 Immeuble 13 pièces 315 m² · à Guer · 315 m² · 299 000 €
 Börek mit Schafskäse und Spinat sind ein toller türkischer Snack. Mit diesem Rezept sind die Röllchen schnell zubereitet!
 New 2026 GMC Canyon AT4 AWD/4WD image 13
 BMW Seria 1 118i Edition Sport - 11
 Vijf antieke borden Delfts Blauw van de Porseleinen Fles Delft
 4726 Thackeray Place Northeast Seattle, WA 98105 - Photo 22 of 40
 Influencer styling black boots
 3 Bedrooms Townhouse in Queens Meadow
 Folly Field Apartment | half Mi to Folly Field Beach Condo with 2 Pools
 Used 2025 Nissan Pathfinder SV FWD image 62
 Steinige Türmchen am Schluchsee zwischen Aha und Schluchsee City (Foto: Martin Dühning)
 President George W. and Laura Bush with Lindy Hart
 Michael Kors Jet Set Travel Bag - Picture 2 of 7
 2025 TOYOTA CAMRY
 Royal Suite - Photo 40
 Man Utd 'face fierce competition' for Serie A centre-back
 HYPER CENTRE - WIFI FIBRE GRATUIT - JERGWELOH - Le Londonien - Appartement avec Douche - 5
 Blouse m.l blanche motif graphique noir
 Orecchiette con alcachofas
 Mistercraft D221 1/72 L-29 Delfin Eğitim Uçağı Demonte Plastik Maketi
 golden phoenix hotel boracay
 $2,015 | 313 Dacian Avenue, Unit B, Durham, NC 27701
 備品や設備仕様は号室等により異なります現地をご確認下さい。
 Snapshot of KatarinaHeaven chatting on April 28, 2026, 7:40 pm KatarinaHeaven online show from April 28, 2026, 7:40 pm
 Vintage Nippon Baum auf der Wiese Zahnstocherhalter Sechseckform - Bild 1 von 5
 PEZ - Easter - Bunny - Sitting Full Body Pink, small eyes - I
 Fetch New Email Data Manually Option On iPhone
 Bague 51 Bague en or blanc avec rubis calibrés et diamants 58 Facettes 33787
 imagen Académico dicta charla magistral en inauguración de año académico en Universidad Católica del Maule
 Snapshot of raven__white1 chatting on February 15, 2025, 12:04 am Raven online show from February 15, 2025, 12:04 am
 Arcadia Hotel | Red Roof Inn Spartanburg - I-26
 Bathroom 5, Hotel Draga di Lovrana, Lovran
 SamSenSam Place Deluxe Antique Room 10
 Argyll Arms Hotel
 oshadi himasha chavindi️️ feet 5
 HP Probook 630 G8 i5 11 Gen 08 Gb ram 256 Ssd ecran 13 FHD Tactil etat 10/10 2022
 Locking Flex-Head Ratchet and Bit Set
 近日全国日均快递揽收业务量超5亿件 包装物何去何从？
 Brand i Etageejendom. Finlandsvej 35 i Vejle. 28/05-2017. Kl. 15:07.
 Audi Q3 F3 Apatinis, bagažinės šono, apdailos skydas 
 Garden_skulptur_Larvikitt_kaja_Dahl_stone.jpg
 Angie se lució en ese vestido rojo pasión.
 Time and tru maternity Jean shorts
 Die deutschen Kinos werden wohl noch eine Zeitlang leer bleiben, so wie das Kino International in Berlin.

-----

The answer must be every line from the records above that contains the word "with", copied out.

 Folly Field Apartment | half Mi to Folly Field Beach Condo with 2 Pools
 President George W. and Laura Bush with Lindy Hart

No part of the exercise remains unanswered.